Americans did not initially have much faith in the Monitor. Few believed that this strange little vessel could hold her own against the formidable Confederate ironclad Virginia, which had been built on the bones of the scuttled USS Merrimack in Portsmouth, Virginia. The Virginia, seemingly relentless and unstoppable, had ravaged the U.S. Navy in Hampton Roads on March 8, just before the Monitor arrived. Yet the following day, the "cheesebox on a raft" proved her Union mettle, becoming a national hero in her own right.

For the remainder of the Civil War the Union Navy used dozens of monitor-style vessels on inland waters as well as at sea.
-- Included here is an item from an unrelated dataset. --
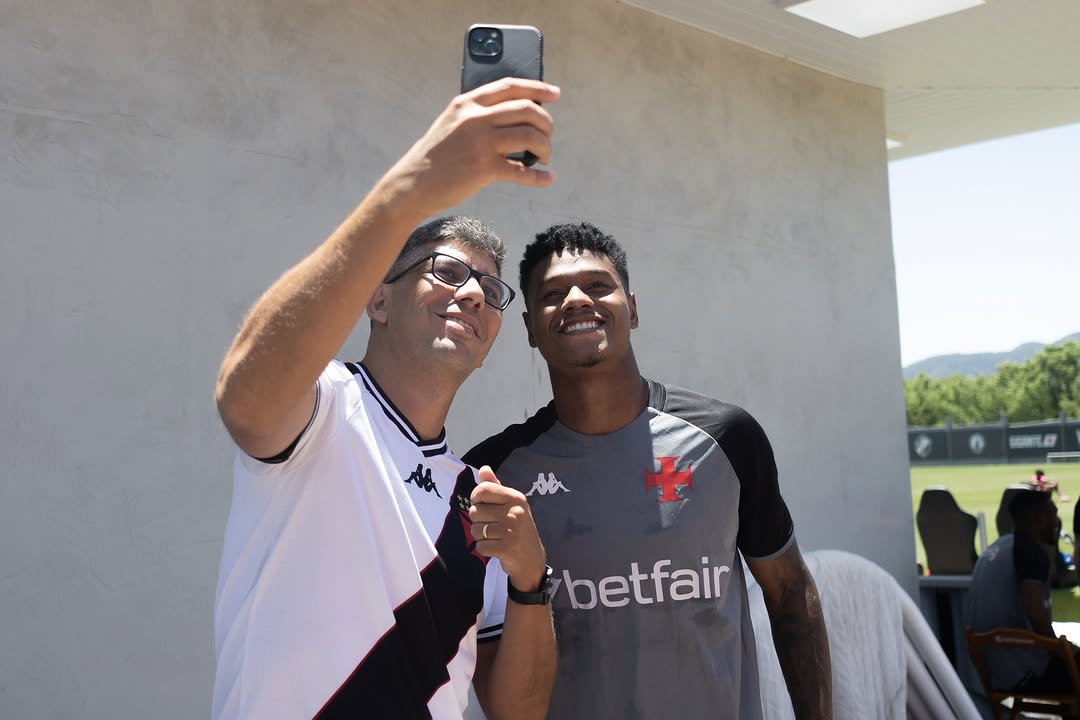 20251027-123556-1-3 Jogadores do Vasco tirando selfie ao ar livre.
But there would always be only one first Monitor, and she became affectionately known to many throughout the nation as "Our Little Monitor." Her loss off Cape Hatteras on December 31, 1862, was mourned as keenly in the press as the loss of 16 of her men that night.
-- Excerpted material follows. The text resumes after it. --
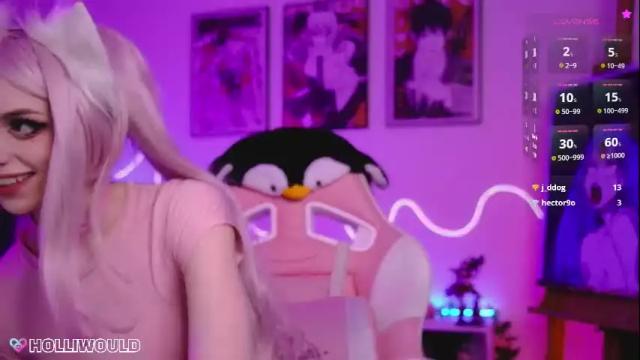 Image 2 of holliwould_ Stream on Chaturbate on 18 days ago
Using the latest archaeological finds from the USS Monitor Center in Newport News, Virginia, as well as untapped archival material, Anna Gibson Holloway and Jonathan W. White bring "Our Little Monitor" to life once more in this beautifully illustrated volume. In addition to telling her story from conception in 1861 to sinking in 1862, as well as her recent recovery and ongoing restoration, they explain how fighting in this new "machine" changed the experience of her crew and reveal how the Monitor became "the pet of the people"-a vessel celebrated in prints, tokens, and household bric-a-brac; a marketing tool; and a prominent feature in parades, Sanitary Fairs, and politics.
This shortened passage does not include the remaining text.